Sebastian Faulks

Diary – 12 January 2017

issue 14 January 2017

In December I was in a group of writers on a British Council visit to Moscow, where the UK was the guest nation at the Moscow Book Fair. This entailed going to art galleries, restaurants and to the Bolshoi as well as giving various talks. The hunger for books at the fair itself was extraordinary. Young people queued with armfuls of the latest Jim Crace, Jonathan Coe, Julian Barnes or Marina Warner in the hope of a signature. Used as we are to the apologetic €1,000 advance and talk of young people not reading any more, this was heady stuff.

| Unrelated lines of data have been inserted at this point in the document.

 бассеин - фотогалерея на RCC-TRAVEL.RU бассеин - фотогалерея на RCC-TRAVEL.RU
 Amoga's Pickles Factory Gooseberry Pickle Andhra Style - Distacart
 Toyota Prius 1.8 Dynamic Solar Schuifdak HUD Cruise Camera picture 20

One night my Russian publisher, Alexander Andryuschenko, took me and my son William, who was passing through, to dinner at the Pushkin restaurant because he says it is the only place you can get ‘real Russian food’. We ate meat and smoked fish in a semi-frozen state, as it was in the old days when it was dug out from under the snow at the beginning of spring. It was wonderful. Mind you, the three of us drank a whole bottle of vodka with it, so we were inclined to the positive.

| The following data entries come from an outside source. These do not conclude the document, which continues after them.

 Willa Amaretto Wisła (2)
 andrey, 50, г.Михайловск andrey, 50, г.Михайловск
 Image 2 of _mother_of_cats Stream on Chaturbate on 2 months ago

Last time I was in Moscow was in 2000. The hotel lobbies then swarmed with prostitutes, Goldman Sachs salesmen and Russian gangsters — an oddly homogeneous group. On the surface, those Wild West days are now over; things seem more orderly. Yet there is a nostalgia for Stalin and a sense of the past creeping back. You see this in the hatchet-faced security men, who look like former Gulag guards. One such official was making life difficult for Sir Ian McKellen when he went to Moscow a few months earlier as part of the British Council Shakespeare festival. Back and forth went Sir Ian’s passport, back and forth the sullen scrutiny from page to face till suddenly… ‘Gandalf!’ The guard leapt with joyous recognition, put his arm round the famous actor and begged to be allowed a selfie.